2. Comrade Prestes recounted his visit to Cuba and his conversations with Fidel Castro to me very extensively. He said to me, among other things, that the Chinese influence in Cuba is extremely strong and is even increasing. (I also note that another leading Brazilian comrade said to me that “the Cubans show their stomachs to the Soviet Union, but they give their hearts to China.”) The Cuban daily newspapers write very much in the spirit of the dogmatic and ultra-left views of the Chinese party. The advice that Fidel Castro gives to Comrades from other Latin American countries is very much in the spirit of the Chinese ultra-radical line.
Comrade Prestes notes the ultra-radical Cuban economic policy as especially dangerous. He mentioned, among other items, that even workshops employing only three men were nationalized, a measure that the Cuban state cannot possibly handle administratively.
Comrade Prestes also said to me, that above all other items, has discussed this question very openly and critically. Fidel Castro, however, has not answered him in any way on this question. Comrade Prestes also noted, as a major deficiency, that the new Unity Party barely functions organizationally.

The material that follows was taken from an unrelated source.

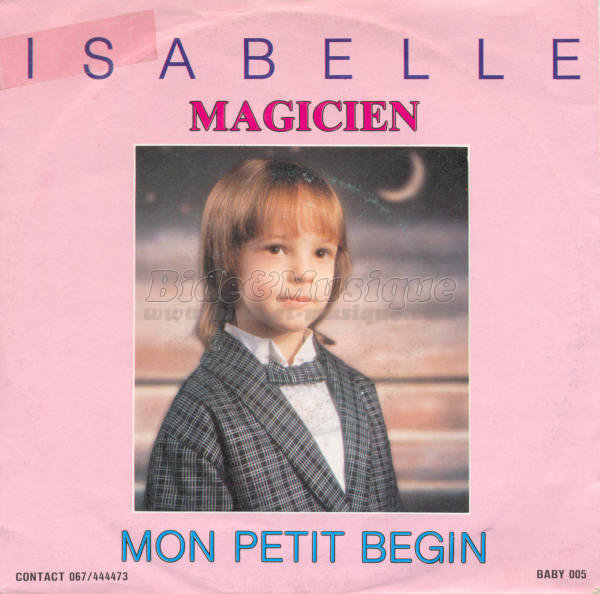 Isabelle - Mon petit b�gin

While the direct Chinese influence in Brazil is very minimal and limited to a small group that was ejected from the Party, the indirect Chinese influence through Cuba is somewhat stronger. Different Brazilian comrades told me that the peasant leader Juliao bought up farms in different states with Cuban support, where he allows the training of guerrilla troops (partially from students, partially from peasants). The standing peasant revolution in Pernambuco under the leadership of Juliao has recently shown terroristic traits. However, the influence of Julio on the Brazilian peasantry has decreased in the last year.
I felt it was my duty, dear Comrade Ulbricht, to inform you regarding these developments.
With socialist greetings!
(Prof. Dr. Johann Lorenz Schmidt)
Johann Lorenz Schmidt reports on meetings with General Secretary of the Brazilian Communist Party, Luis Carlos Prestes, during which they discussed the strong Chinese influence in Cuba.